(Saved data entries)
────────────────

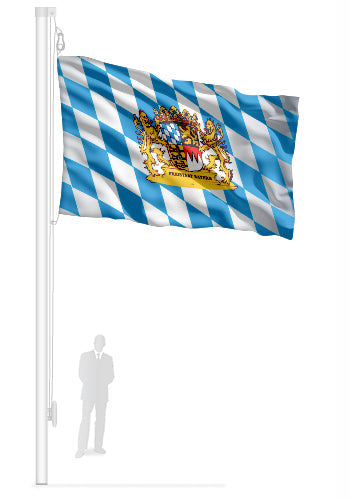 Bayern Rautenmuster mit Wappen (q)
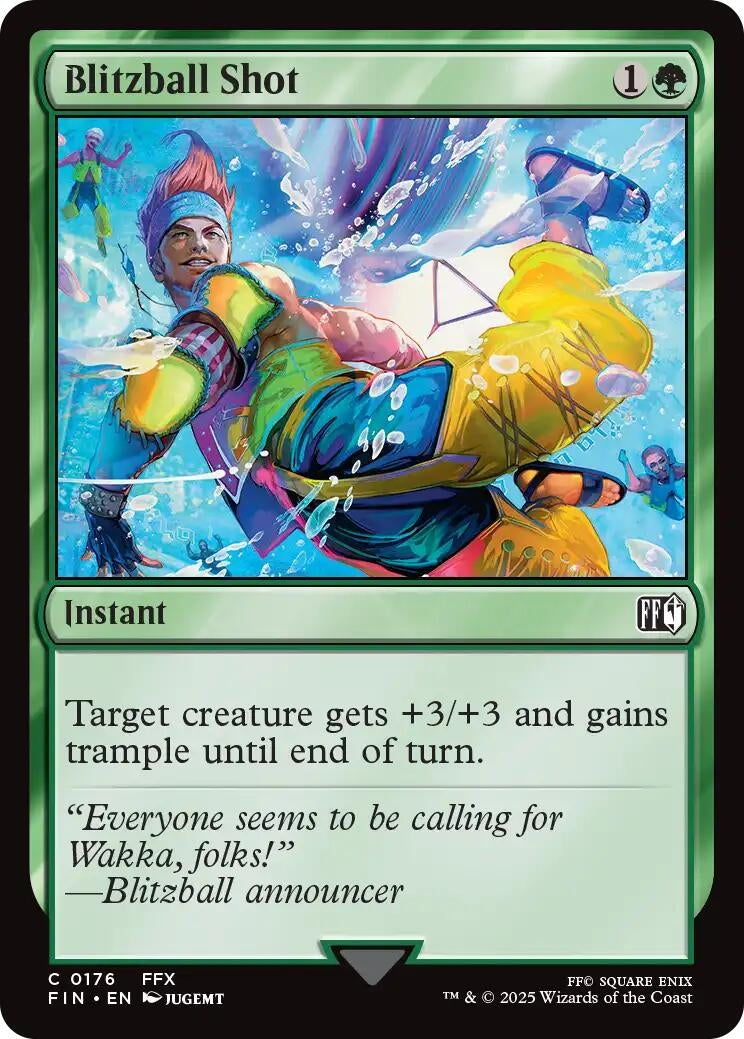 Image for Blitzball Shot (176) (FIN) - Magic: The Gathering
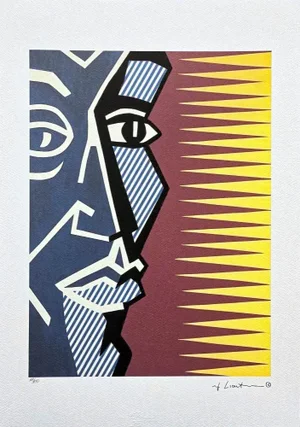 After Roy Lichtenstein, "Face II ", 1990s, Silk-Screen
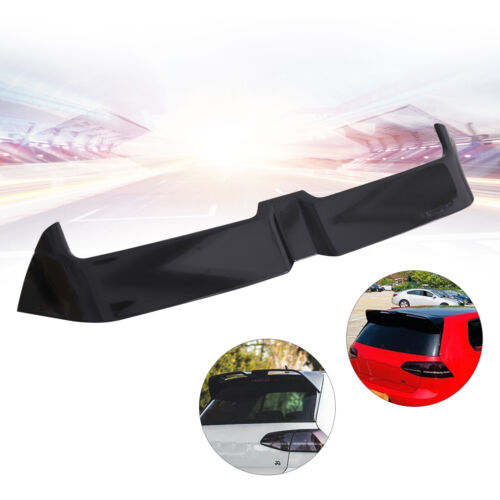For 15-19 Volkswagen Golf MK7 Hatchback 4Door Gloss Black Rear Roof Spoiler Wing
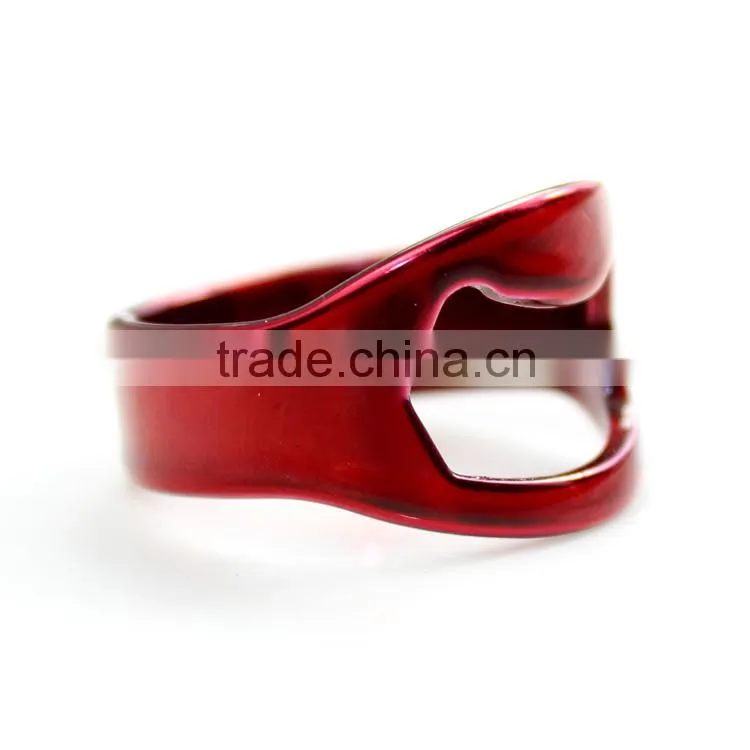 Fashion metal finger ring bottle opener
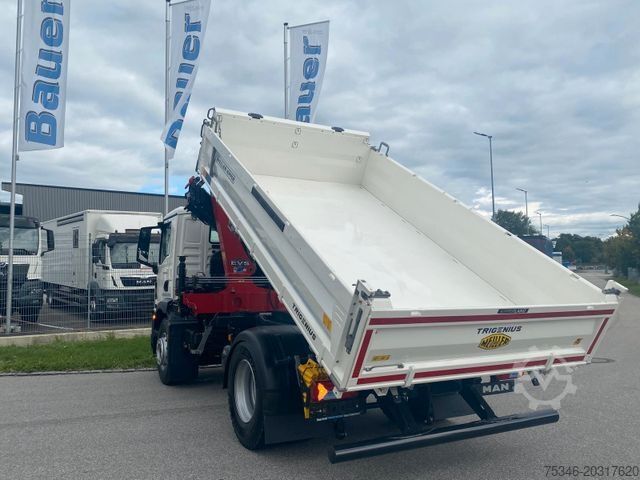 Truck mounted crane MAN TGM 18.320 /4x2/BL/Meiller/Kipper/Kran/15 m/ Neu
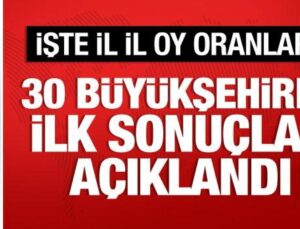 Büyükşehirlerde seçim sonuçları açıklandı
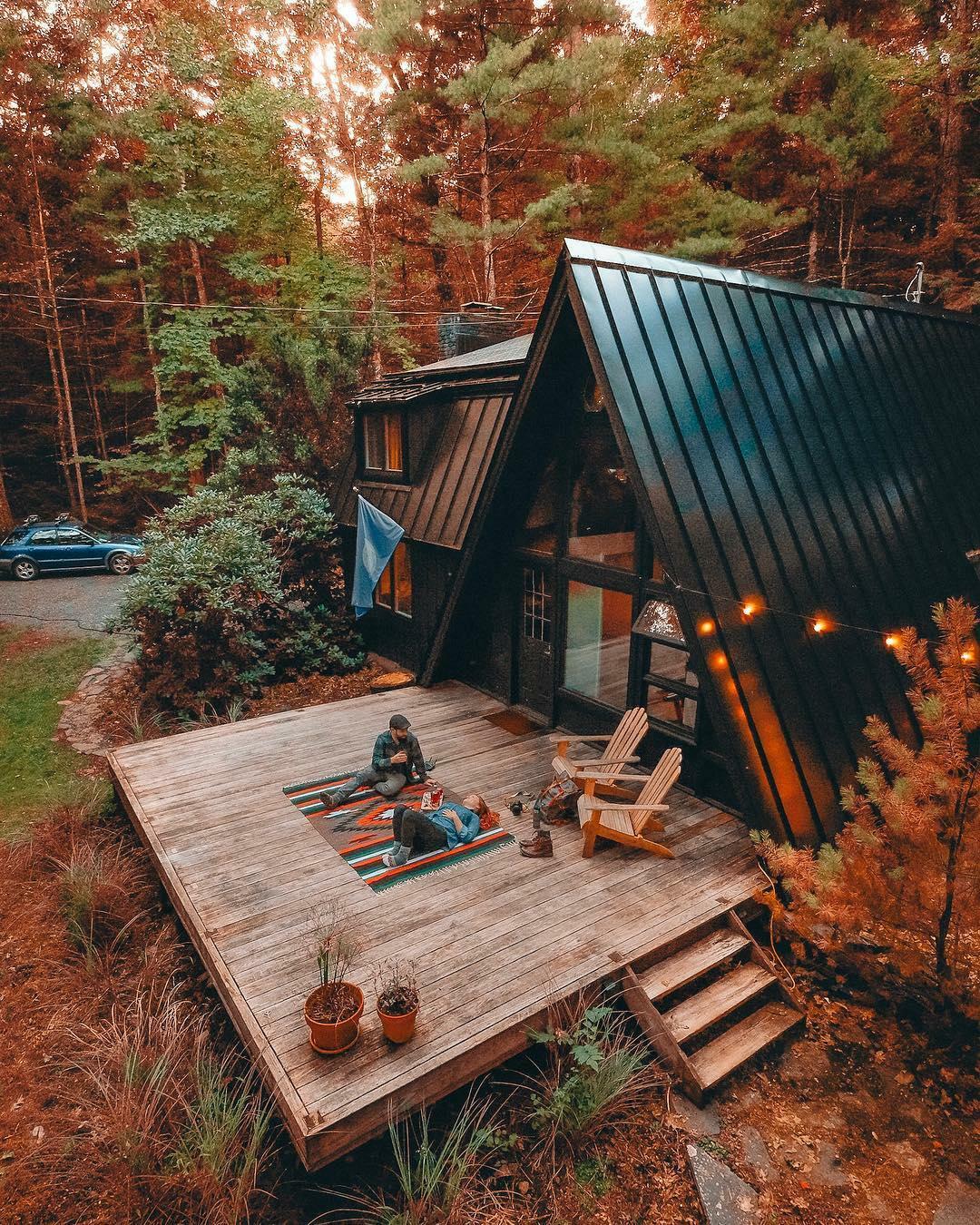 Каркасные дома A-Frame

────────────────

# WHAT YOU ARE ASKED TO DO
Set the records down again exactly, and omit any picture in them.

# SOLUTION TO THIS EXERCISE
 Bayern Rautenmuster mit Wappen (q)
 Image for Blitzball Shot (176) (FIN) - Magic: The Gathering
 After Roy Lichtenstein, "Face II ", 1990s, Silk-Screen
For 15-19 Volkswagen Golf MK7 Hatchback 4Door Gloss Black Rear Roof Spoiler Wing
 Fashion metal finger ring bottle opener
 Truck mounted crane MAN TGM 18.320 /4x2/BL/Meiller/Kipper/Kran/15 m/ Neu
 Büyükşehirlerde seçim sonuçları açıklandı
 Каркасные дома A-Frame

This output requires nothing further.